Lowering Costs During the High Holidays

The High Holidays are right around the corner, and synagogues all over the country are preparing for the annual influx of worshippers. At many synagogues, a ticketing model comes standard for the High Holidays, and worshippers must pay to attend services. However, as this article in the Forward notes, an increasing number of synagogues throughout the country are shifting to a cost-free High Holiday services model, with promising results.

Here at JOI, we have been advocating for steps such as lowered fees or free High Holiday services for some time now. Offering free samples is even one of the principles of our Big Tent Judaism Coalition. We strongly believe that lowering or eliminating the cost barrier is important in encouraging people to take that first step through our doors.

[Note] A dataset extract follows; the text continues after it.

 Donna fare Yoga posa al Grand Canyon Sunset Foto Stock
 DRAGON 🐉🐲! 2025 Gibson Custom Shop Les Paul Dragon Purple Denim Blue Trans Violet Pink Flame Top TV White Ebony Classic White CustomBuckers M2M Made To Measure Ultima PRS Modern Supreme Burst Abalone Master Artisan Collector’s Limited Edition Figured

But with the High Holidays, we don’t have to ask people to take that step – they will do it on their own, and we need to be ready for their arrival.

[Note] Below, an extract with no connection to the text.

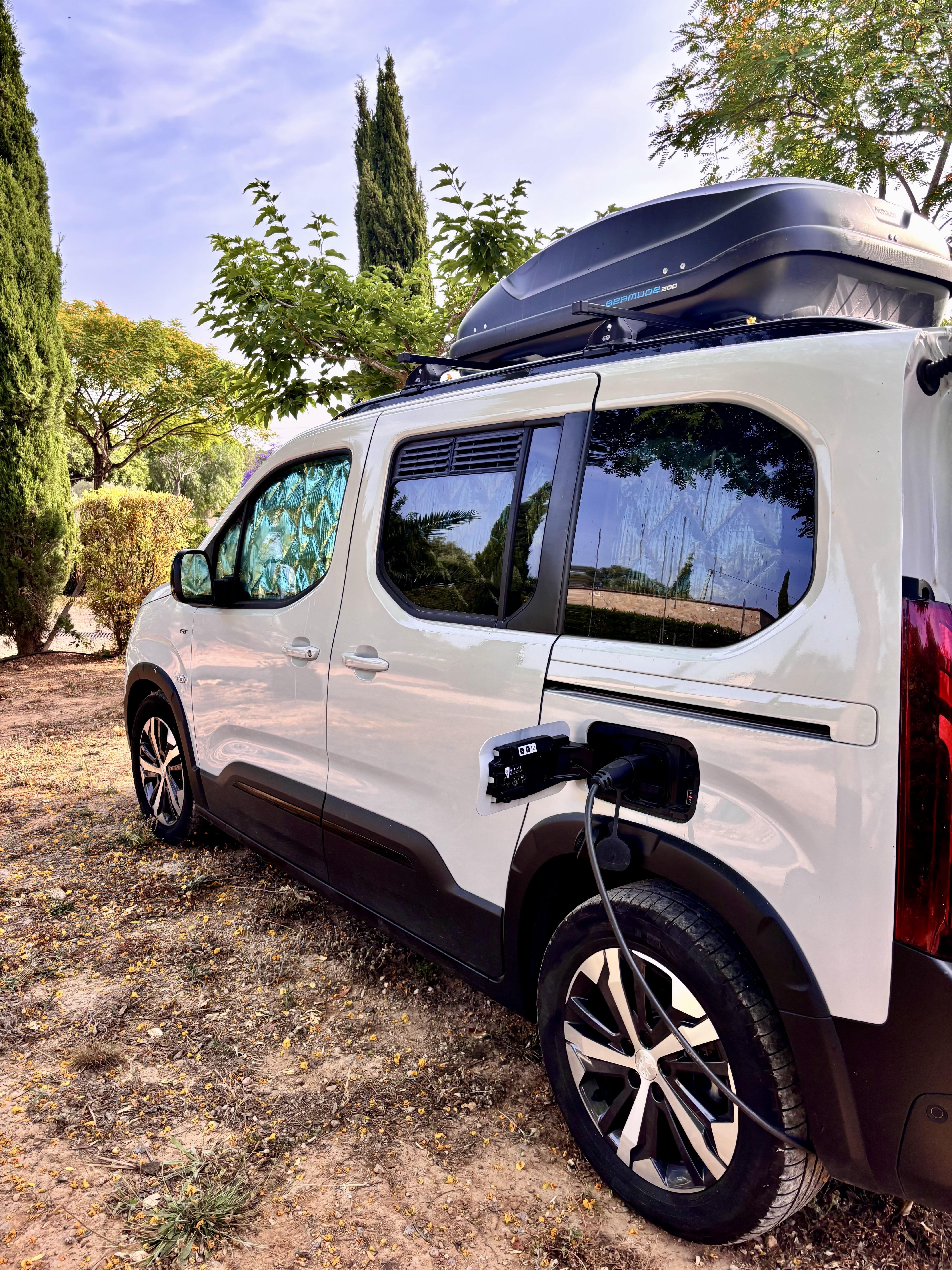 Peugeot e-Rifter Minivan con Aire acondicionado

Luckily, many Jewish institutions are prepared and they are using the High Holidays to turn one time encounters into deeper engagement. Some, like the Sixth and I Historic Synagogue in Washington, D.C. even use this model for weekly Shabbat services. The Forward spoke with Esther Safran Foer, director of Sixth and I, who said the synagogue’s no-dues policy has been a key factor in boosting the number of participants and donations. She cited high Shabbat service attendance rates and a strong core of committed volunteers as evidence of the synagogue’s success. This shows that communities can be vibrant even without the financial support of High Holiday tickets, and even a traditional membership model.

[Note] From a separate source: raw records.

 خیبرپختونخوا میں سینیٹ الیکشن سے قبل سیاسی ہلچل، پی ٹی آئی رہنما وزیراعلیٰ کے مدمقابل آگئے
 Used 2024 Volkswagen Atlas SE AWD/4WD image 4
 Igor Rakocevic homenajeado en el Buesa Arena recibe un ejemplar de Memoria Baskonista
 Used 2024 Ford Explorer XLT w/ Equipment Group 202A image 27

While free services do not provide the injection of cash that High Holiday tickets do, we at JOI believe that these free services demonstrate a commitment to serving the entirety of the Jewish community, one that will really resonate with worshippers. The popularity of synagogues such as Sixth and I has proven that this financial model can lead to a committed community year round, and not just well attended High Holiday services. And, as we wrote in an op-ed on this topic last year “What’s more important: a few extra dollars during the High Holidays, or free services that can lead to a lifetime of engagement?”